Your goal: What you return should be the full listing, word for word, without a single image.

Collected material:
============================================================

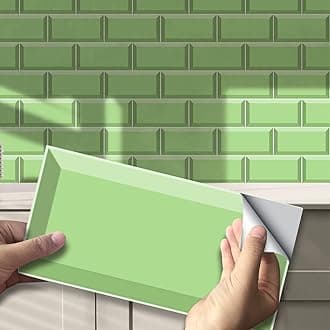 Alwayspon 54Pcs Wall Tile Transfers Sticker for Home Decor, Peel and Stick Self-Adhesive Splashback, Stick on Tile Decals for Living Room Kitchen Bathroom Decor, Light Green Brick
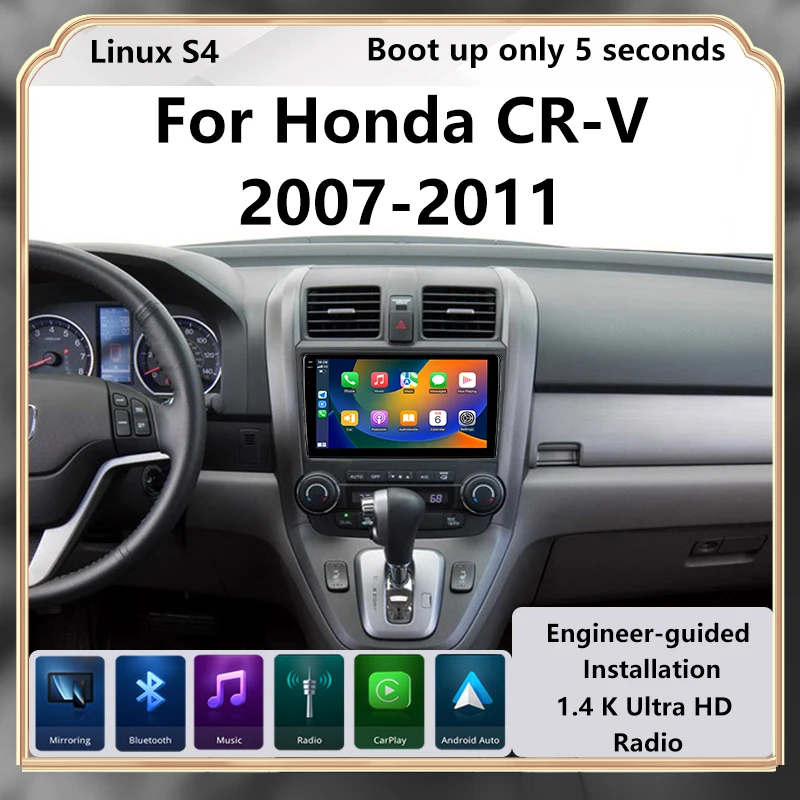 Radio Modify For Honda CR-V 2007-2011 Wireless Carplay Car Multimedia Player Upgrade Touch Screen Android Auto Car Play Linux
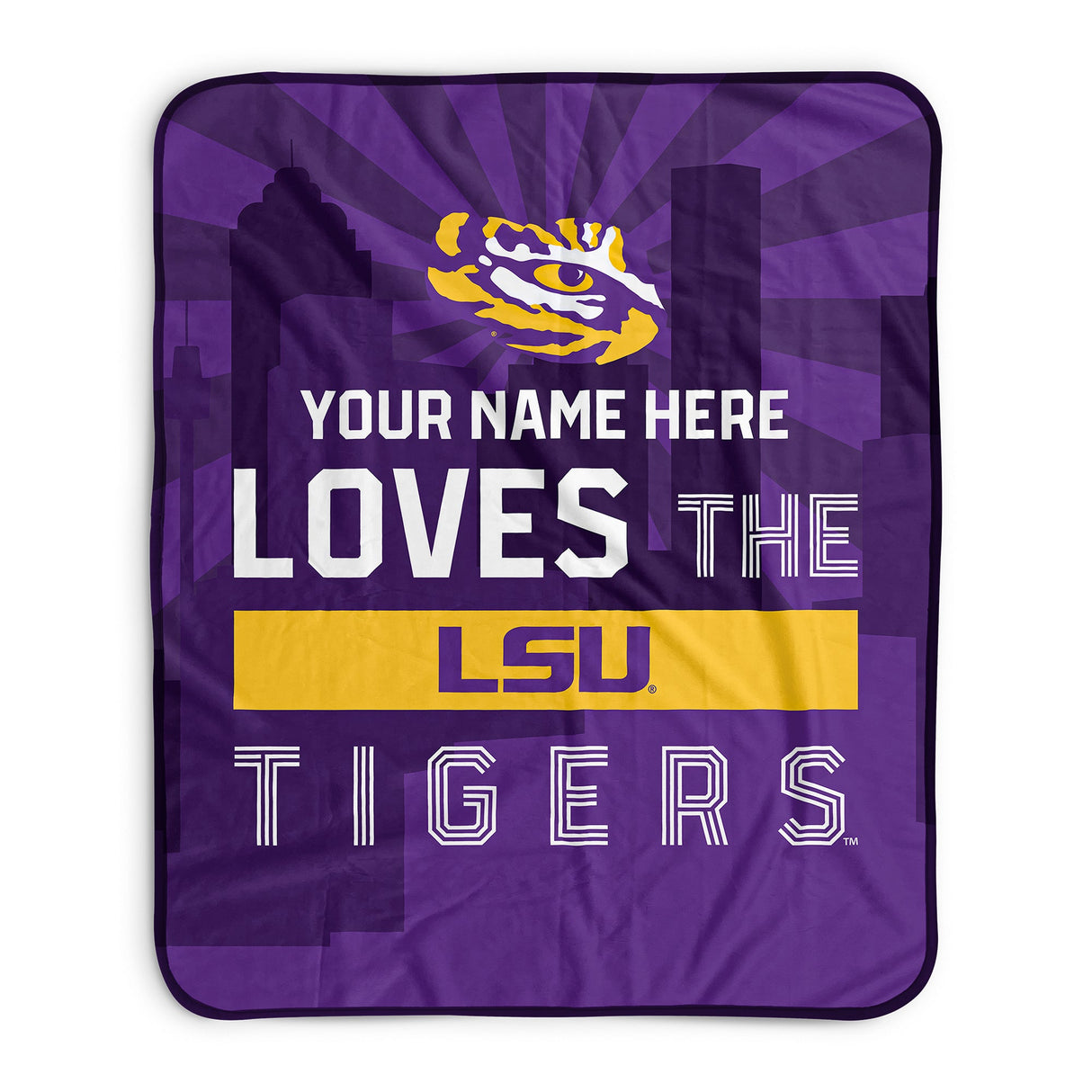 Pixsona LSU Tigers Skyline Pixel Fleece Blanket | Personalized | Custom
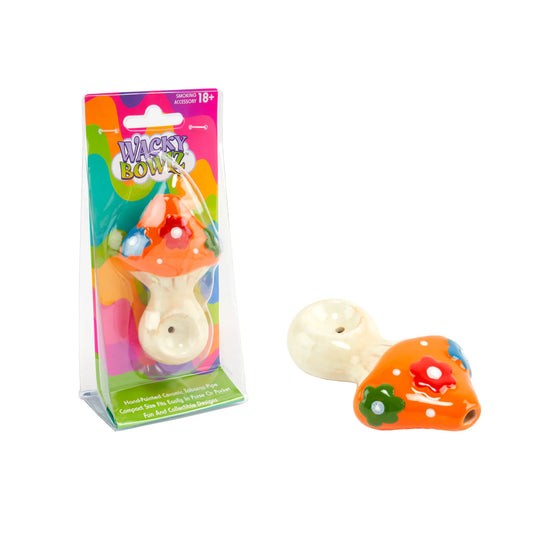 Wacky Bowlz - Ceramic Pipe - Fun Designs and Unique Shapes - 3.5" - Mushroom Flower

============================================================

Solution below:
 Alwayspon 54Pcs Wall Tile Transfers Sticker for Home Decor, Peel and Stick Self-Adhesive Splashback, Stick on Tile Decals for Living Room Kitchen Bathroom Decor, Light Green Brick
 Radio Modify For Honda CR-V 2007-2011 Wireless Carplay Car Multimedia Player Upgrade Touch Screen Android Auto Car Play Linux
 Pixsona LSU Tigers Skyline Pixel Fleece Blanket | Personalized | Custom
 Wacky Bowlz - Ceramic Pipe - Fun Designs and Unique Shapes - 3.5" - Mushroom Flower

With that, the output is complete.